Hellmuth Karasek über den Ikea-Katalog
Eigentlich sei es ein Skandal, dass das meistverbreitete Buch der Welt mit einer Auflage von fast 220 Millionen Exemplaren bisher nie rezensiert worden ist, beginnt Karasek seine Kritik. Der 81-Jährige sitzt dabei in einem Sessel und blättert durch das "Buch" mit dem Titel "Die kleinen Freuden des Alltags" von "Verfasser" Ikea. Zu Karaseks bedächtigen und wohlformulierten Worten ertönen die klassischen Klänge von
Muzio Clementis "Sonatina Op. 36 No. 5 - III. Rondo" - ein würdiges Ambiente für die Arbeit des berühmten Literaturkritikers.
Der Absender
Ikea Schweiz legt dabei Wert auf die Feststellung, dass es bei der Rezension für Karasek keine inhaltlichen Vorgaben gegeben habe. "Er rezensierte den Katalog nach seinem Gutdünken und nach den gleichen Maßgaben, wie er es bei anderen Werken der Belletristik zu tun pflegt", heißt es vom schwedischen Möbelriesen. So kritisiert Karasek, von 1988 bis 2001 ständiges Mitglied der legendären ZDF-Sendung "Literarisches Quartett": "Man könnte dem Ikea-Buch vorwerfen, dass es mehr Bilder als Personen hat. Es erzählt viel, aber es ist sozusagen vollgemüllt mit Gegenständen. [...] Es ist ein möblierter Roman."

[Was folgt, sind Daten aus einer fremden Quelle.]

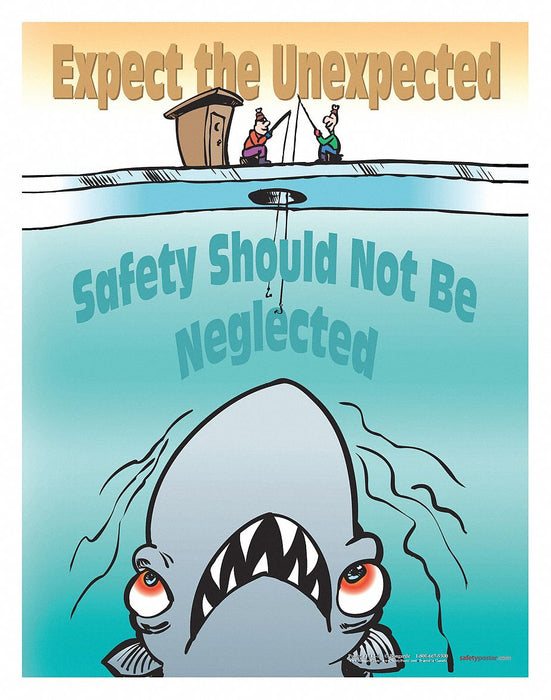 Safety Poster 22 in x 17 in Paper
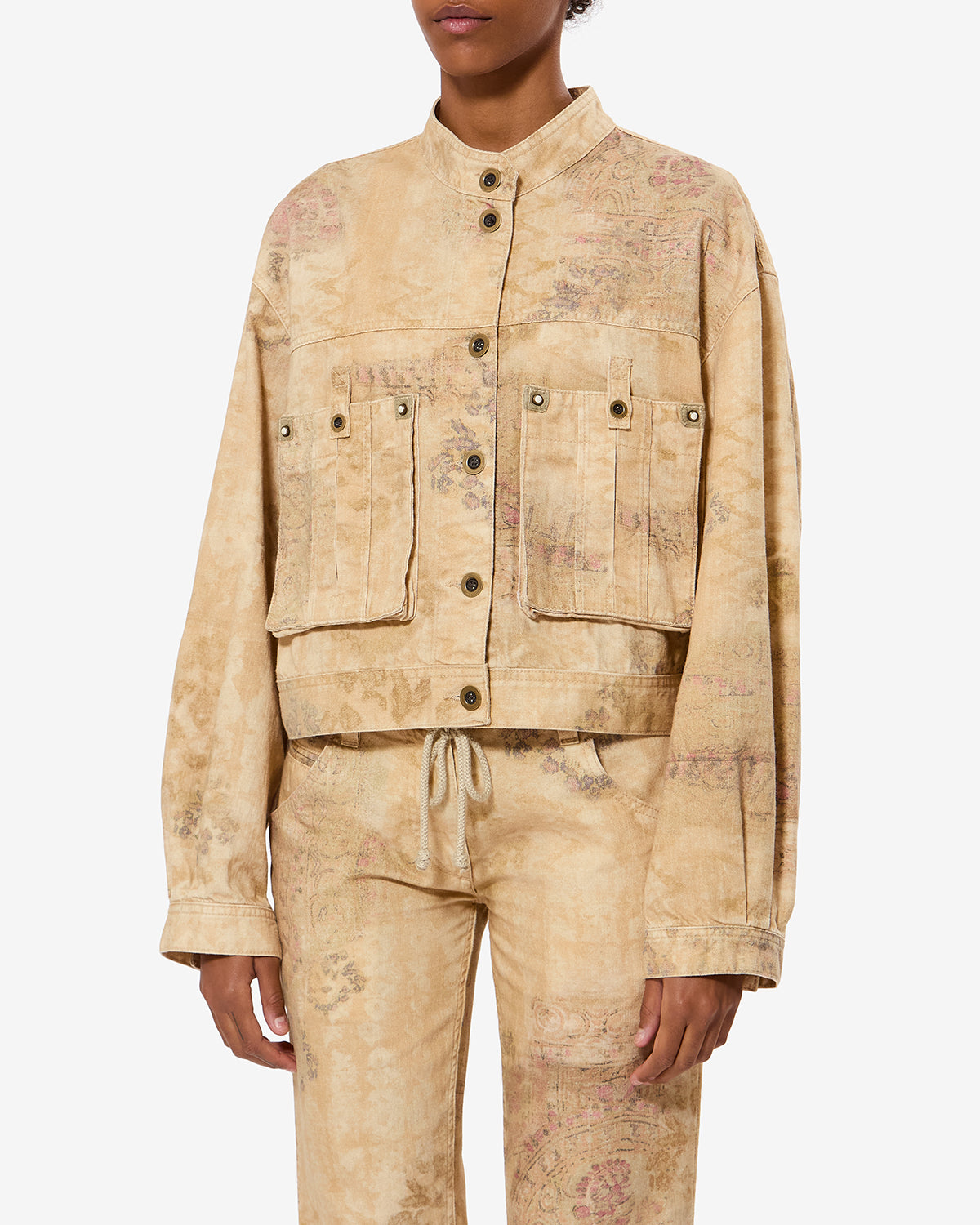 CYNDEL JACKET Woman desert | ISABEL MARANT Official online store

„Man könnte dem Ikea-Buch vorwerfen, dass es mehr Bilder als Personen hat. Es erzählt viel, aber es ist sozusagen vollgemüllt mit Gegenständen.“
Hellmuth Karasek
Nicht besonders gut kommt bei Karasek das traditionelle Ikea-Duzen an. "Ich liebe Bücher nicht so sehr, die sich altmodisch aufringlich mit einem 'Du' an den Leser wenden", so der Kritiker. Zu einem schöngeistigen Roman fehle dem Ikea-Katalog alles. Ein solches Urteil wäre aber "genauso ungerecht, als wenn man ein Buch der Postleitzahlen nach fehlenden Personen absuchen würde." Wie bei einer Rezension üblich schließt Karasek mit einer Lese-Empfehlung - und greift dabei auf ein Goethe-Zitat zurück: "Eines schickt sich nicht für alle. Sehe jeder, was er treibe. Sehe jeder, wo er bleibe. Und wer steht, dass er nicht falle."